Gethsemane - the place of moral loneliness

Ronald Rolheiser
[Third in a six-part lenten series]
Reproduced with Permission

Our deepest loneliness is not sexual, but moral. More than we yearn for someone to sleep with sexually and emotionally, we yearn for someone to sleep with morally. What we really want is a soulmate.

What does this mean?

Ancient philosophers and mystics used to say that, before being born, each soul is kissed by God and then goes through life always, in some dark way, remembering that kiss and measuring everything in relation to its original sweetness.

Inside each of us, there is a dark memory of having once been touched and caressed by hands far gentler than our own. That caress has left a permanent imprint inside us, one so tender and good that its memory becomes a prism through which we see everything else.

Thus we recognize love and truth outside of us precisely because they resonate with something that is already inside us. Things "touch our hearts" because they awaken a memory of that original kiss. Moreover, because we have a memory of once having been perfectly touched, caressed, and loved, every experience we meet in life falls a little short. We have already had something deeper. When we feel frustrated, angry, betrayed, violated, or enraged it is because our outside experience does not honour what we already know and cling to inside.

And that dark memory, of first love, creates a place inside us where we hold all that is precious and sacred. It is the place we most guard from others, but the place where we would most want others to enter; the place where we are the most deeply alone and the place of intimacy; the place of innocence and the place where we are violated; the place of compassion and the place of rage.

The yearning and pain we feel here can be called moral loneliness because we are feeling lonely in that precise place where we feel most strongly about the right and wrong of things, that is, we feel alone in that place where all that is most precious to us is cherished, guarded, and feels vulnerable when it is not properly honoured.

Paradoxically, it is the place where we most want someone to enter and yet where we are most guarded. On the one hand, we yearn to be touched inside this tender space because we already know the joy of being caressed there. On the other hand, we don't often, nor easily, let anyone penetrate there. Why? Because what is most precious in us is also what is most vulnerable to violation and we are, and rightly so, deeply cautious about whom we admit to that sacred place. Thus, often, we feel wrenchingly alone in our deepest centre.

A fierce loneliness results, a moral aching. More deeply than we long for a sexual partner, we long for moral affinity, for someone to visit us in that deep part where all that is most precious is cherished and guarded. Our deepest longing is for a partner to sleep with morally, a kindred spirit, a soulmate. Great friendships and great marriages, invariably, have this at their root, deep moral affinity. The persons in these relationships are "lovers" in the true sense because they sleep with each other at the deepest level, irrespective of whether they have sex or not.

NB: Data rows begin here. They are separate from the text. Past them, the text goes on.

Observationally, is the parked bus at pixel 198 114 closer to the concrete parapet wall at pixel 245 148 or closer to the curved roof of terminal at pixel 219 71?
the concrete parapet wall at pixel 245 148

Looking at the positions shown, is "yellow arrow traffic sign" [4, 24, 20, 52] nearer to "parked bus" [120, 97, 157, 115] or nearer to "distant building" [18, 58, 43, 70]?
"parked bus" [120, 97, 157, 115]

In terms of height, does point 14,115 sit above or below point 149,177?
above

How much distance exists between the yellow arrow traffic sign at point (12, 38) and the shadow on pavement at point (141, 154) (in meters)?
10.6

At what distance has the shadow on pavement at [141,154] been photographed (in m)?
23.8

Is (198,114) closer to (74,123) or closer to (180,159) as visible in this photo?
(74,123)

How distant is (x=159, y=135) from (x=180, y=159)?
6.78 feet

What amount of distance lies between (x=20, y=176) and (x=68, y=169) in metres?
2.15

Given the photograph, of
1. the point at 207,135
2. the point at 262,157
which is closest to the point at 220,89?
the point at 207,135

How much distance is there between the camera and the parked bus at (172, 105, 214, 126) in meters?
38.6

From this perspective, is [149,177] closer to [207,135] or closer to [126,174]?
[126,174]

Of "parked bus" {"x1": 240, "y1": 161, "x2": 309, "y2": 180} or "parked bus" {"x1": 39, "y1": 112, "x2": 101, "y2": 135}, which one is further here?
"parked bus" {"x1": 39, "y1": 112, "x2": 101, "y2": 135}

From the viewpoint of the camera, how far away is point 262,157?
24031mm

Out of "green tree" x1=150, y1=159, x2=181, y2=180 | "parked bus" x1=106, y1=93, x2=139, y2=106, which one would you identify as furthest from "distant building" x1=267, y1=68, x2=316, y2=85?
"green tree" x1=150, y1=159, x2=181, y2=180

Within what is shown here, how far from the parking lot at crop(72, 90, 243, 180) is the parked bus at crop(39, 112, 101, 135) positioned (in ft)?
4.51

In terms of feeling, this kind of love is experienced as a "coming home", as finding a home, bone of my bone. Sometimes, though not always, it is accompanied by romantic love and sexual attraction. Always, however, there is a sense that the other is a kindred spirit, one whose affinity with you is founded upon valuing preciously the same things you do. But such a love, as we know, is not easily found. Most of us spend our lives looking for it, searching, restless, dissatisfied, morally lonely.

It's this kind of loneliness that brought Jesus to his knees in the Garden of Gethsemane. The blood he sweated there is the blood of a lover, one betrayed, morally betrayed, hung out to dry in all that was precious to him.

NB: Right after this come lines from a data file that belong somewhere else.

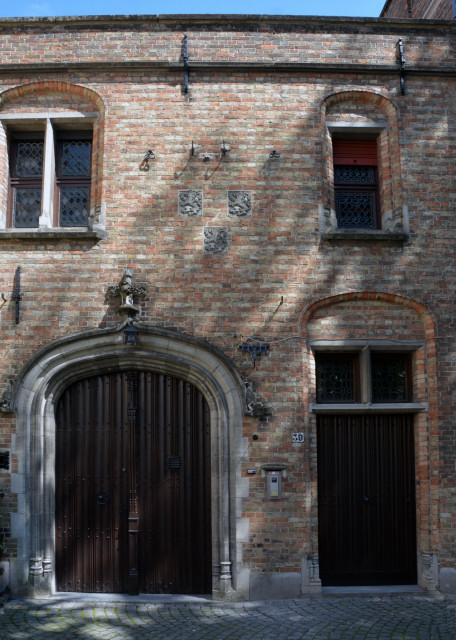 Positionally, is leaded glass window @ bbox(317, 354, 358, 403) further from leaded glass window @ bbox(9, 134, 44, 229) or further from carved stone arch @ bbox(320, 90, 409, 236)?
leaded glass window @ bbox(9, 134, 44, 229)

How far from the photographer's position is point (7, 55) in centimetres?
808

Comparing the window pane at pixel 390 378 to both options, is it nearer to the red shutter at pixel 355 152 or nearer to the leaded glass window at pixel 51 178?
the red shutter at pixel 355 152

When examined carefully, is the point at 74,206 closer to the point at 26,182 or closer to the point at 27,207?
the point at 27,207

Nikos Kazantsakis once wrote that virtue is lonely because, at the end of the day, it is jealous of vice. "Virtue," he writes, "sits on its lonely perch and weeps for all it's missed out on." Not quite, though perhaps that's what it feels like.

But the pain of virtue, while not immune to jealousy, is a whole lot deeper than Kazantsakis (and conventional wisdom) suspect. It's the pain of Gethsemane, of moral loneliness, the ache of not having anyone to sleep with morally.

One of the lessons of Gethsemane is that when we sweat our moral aloneness (without giving in to compensation or bitterness) we undergo a moral alchemy that can produce a great nobility of soul. "What's madness," Theodore Roethke asks, "but nobility of soul at odds with circumstance?" True. And that madness intensifies loneliness, even as, more than anything else, it opens the soul to the possibility of finally finding a kindred spirit.